--- ACTION ITEM ---
With pictures left out, output exactly the lines of the listing below from the line that has "G'day folks, today" to the line that has "So we're gonna", both lines kept.

══ EXERCISE MATERIALS ══

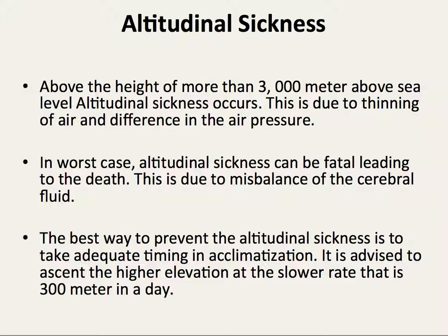In a worst case, altitude sickness can be fatal, leading to death. This is due to the mismatch balance of the cerebral fluid.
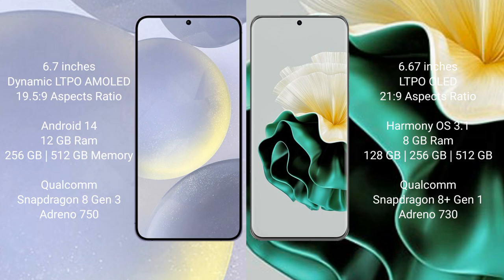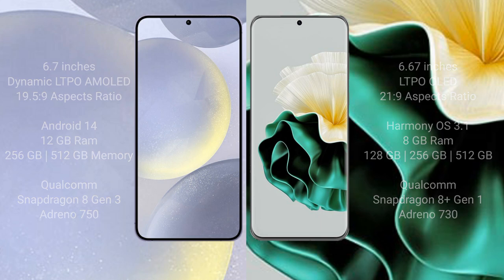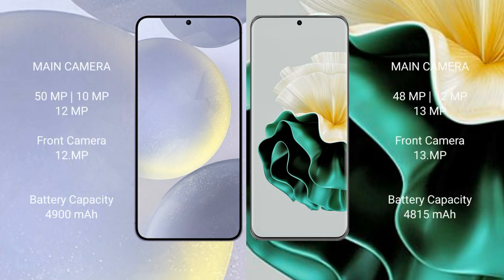The Samsung Galaxy S24 Plus features a Qualcomm Snapdragon 8 Gen 3 processor and an Adreno 750 GPU. The Vivo 60 comes with 8GB RAM and 128GB, 256GB, or 512GB internal storage, a Qualcomm Snapdragon 8 Gen 1 processor, and an Adreno 730 GPU.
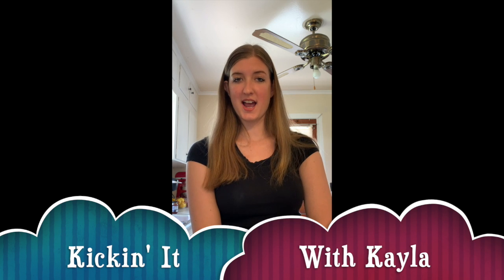Hello everybody and welcome back. My name is Kayla and I am one of the recreation therapists at Pace of the Triad. Today I'm going to show you why it's so important to be washing your hands, and this is something that you can do at home as well.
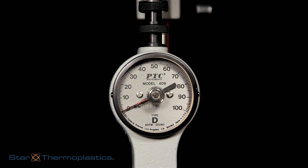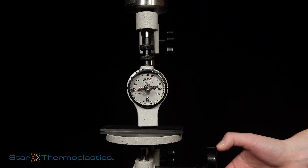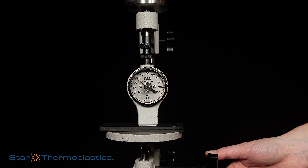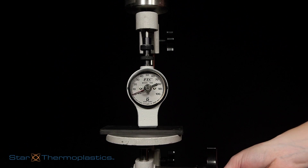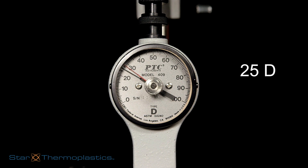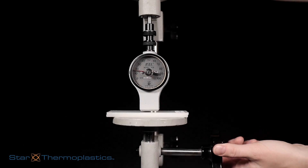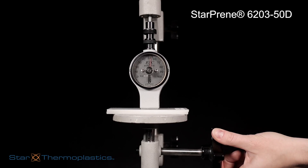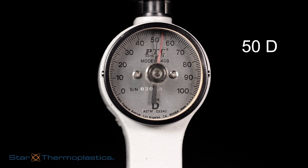All of our demonstrations will be on the Shore D and Shore A scale. As you can see, this material typically used in automats has a hardness of 25D. Sometimes the Shore scales overlap — for example, this Star Thermoplastics TPE measures 25 on the D scale but measures 88 on the A scale. One of our harder materials, Starpreen 6203 50D, measures 50 on the Shore D scale when tested.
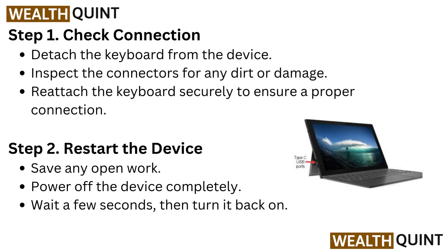Step 1: Check Connection. Detach the keyboard from the device. Inspect the connectors for any dirt or damage. Reattach the keyboard securely to ensure a proper connection.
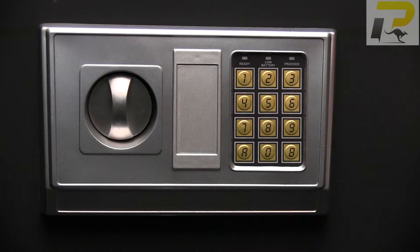G'day folks, today we're going to look at how to install the batteries, configure and operate the MaxGuard digital safe by ProTactical.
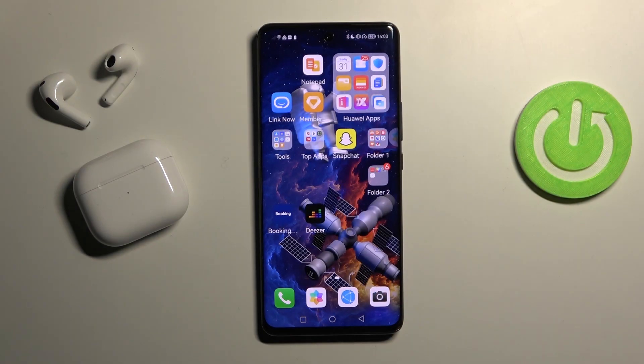Welcome! Today I'm going to show you how to remove the SIM pin from your SIM card on your Huawei Nova 9.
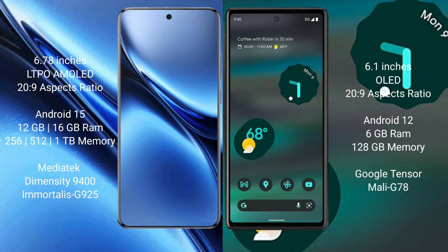Vivo X200 Pro runs on the Android 15 operating system. Google Pixel 6a runs on the Android 12 operating system.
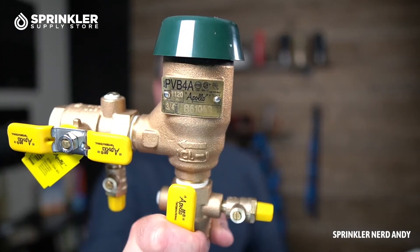Keep in mind that a PVB model such as this needs to be installed at least 12 inches higher than the tallest sprinkler on your system. Sometimes you'll see these things 10 feet up along the side of a house, because if the front or backyard slopes up, this backflow preventer needs to be 12 inches higher than the highest sprinkler on your system.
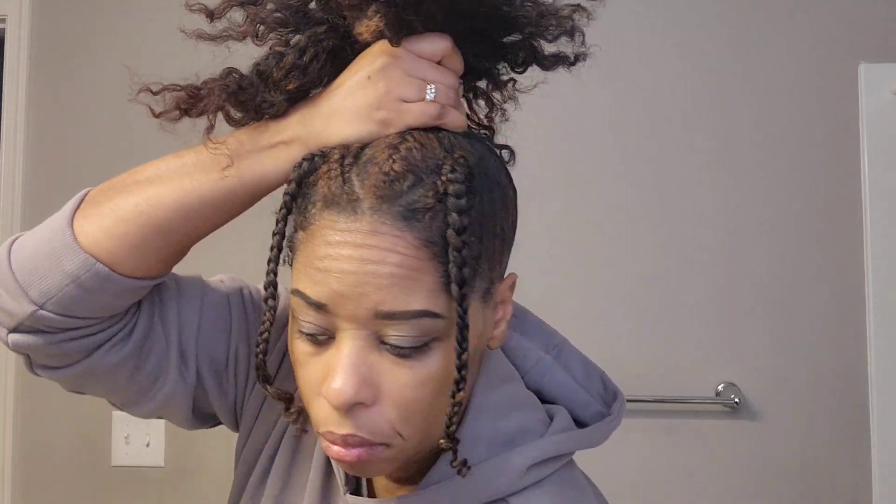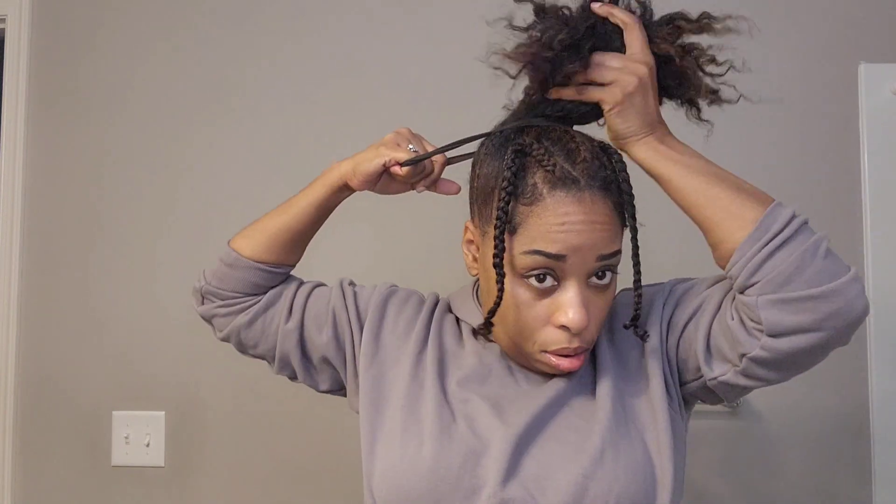Apply the gel, then take a scrunchie just like so. You can create a bun or just do a nice plait. I'm just going to take the rubber band and kind of fold it down a little bit so it won't be all over the place.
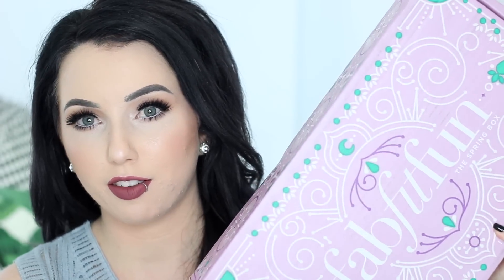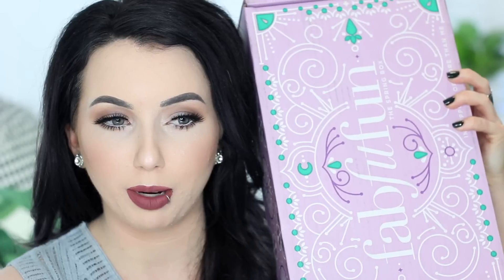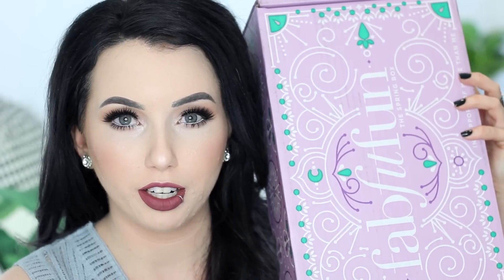So we're gonna be unboxing this guy. This is the FabFitFun box. How freaking cute is this packaging? This reminds me of yoga, which I do not partake in. But I love the colors — very spring. Love the pattern. I kind of want to just keep this box to store stuff in. So this is the FabFitFun spring box.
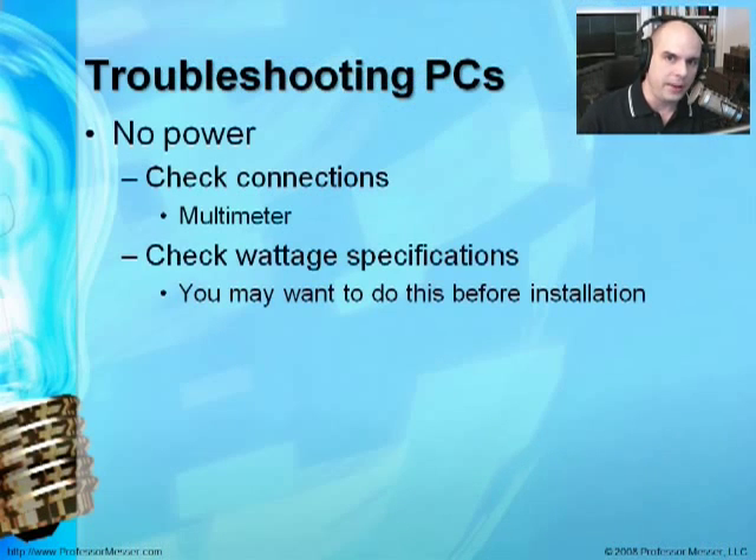When troubleshooting a system with no power, the first thing to check — more often than you'd think — is whether it's actually plugged in. Use your multimeter to check at every level: does the outlet have power, does it have power into the back of the system, does it have power onto the motherboard? Also check your wattage specifications. If you've added another hard drive and hit the power switch with nothing happening, your power supply may not be rated with enough watts to drive the additional load. When a system first turns on, that's when it needs the most power — so you'll know quickly if the power supply can handle it.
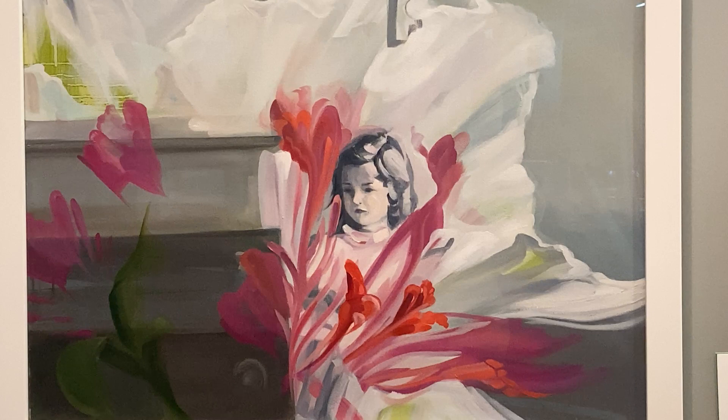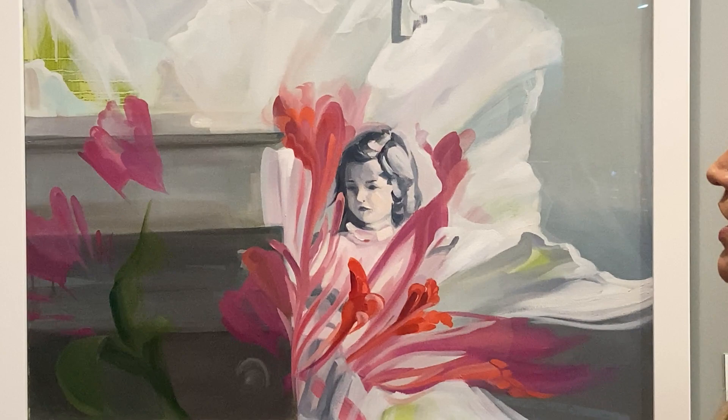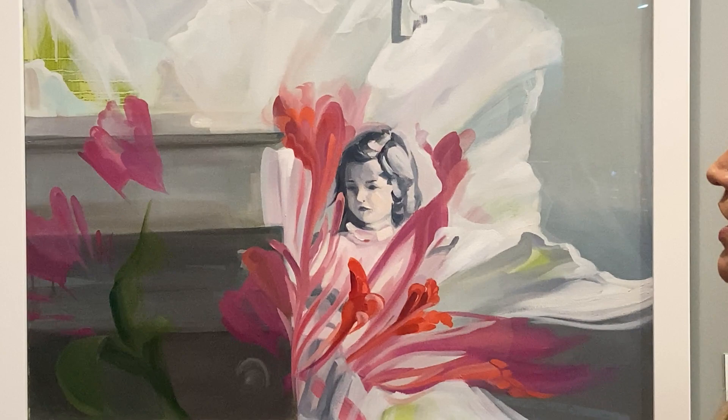Some things that you might talk to a child about: What do you think the title 'Hope Is' means? What does it mean to you? What do you think about the child here — does she look happy? What colors did the artist use, and why do you think the artist used them? Is there anything else that you see in this work of art?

═══

--- SOLUTION ---
G'day folks, today we're going to look at how to install the batteries, configure and operate the MaxGuard digital safe by ProTactical.
Welcome! Today I'm going to show you how to remove the SIM pin from your SIM card on your Huawei Nova 9.
Vivo X200 Pro runs on the Android 15 operating system. Google Pixel 6a runs on the Android 12 operating system.
Keep in mind that a PVB model such as this needs to be installed at least 12 inches higher than the tallest sprinkler on your system. Sometimes you'll see these things 10 feet up along the side of a house, because if the front or backyard slopes up, this backflow preventer needs to be 12 inches higher than the highest sprinkler on your system.
Apply the gel, then take a scrunchie just like so. You can create a bun or just do a nice plait. I'm just going to take the rubber band and kind of fold it down a little bit so it won't be all over the place.
So we're gonna be unboxing this guy. This is the FabFitFun box. How freaking cute is this packaging? This reminds me of yoga, which I do not partake in. But I love the colors — very spring. Love the pattern. I kind of want to just keep this box to store stuff in. So this is the FabFitFun spring box.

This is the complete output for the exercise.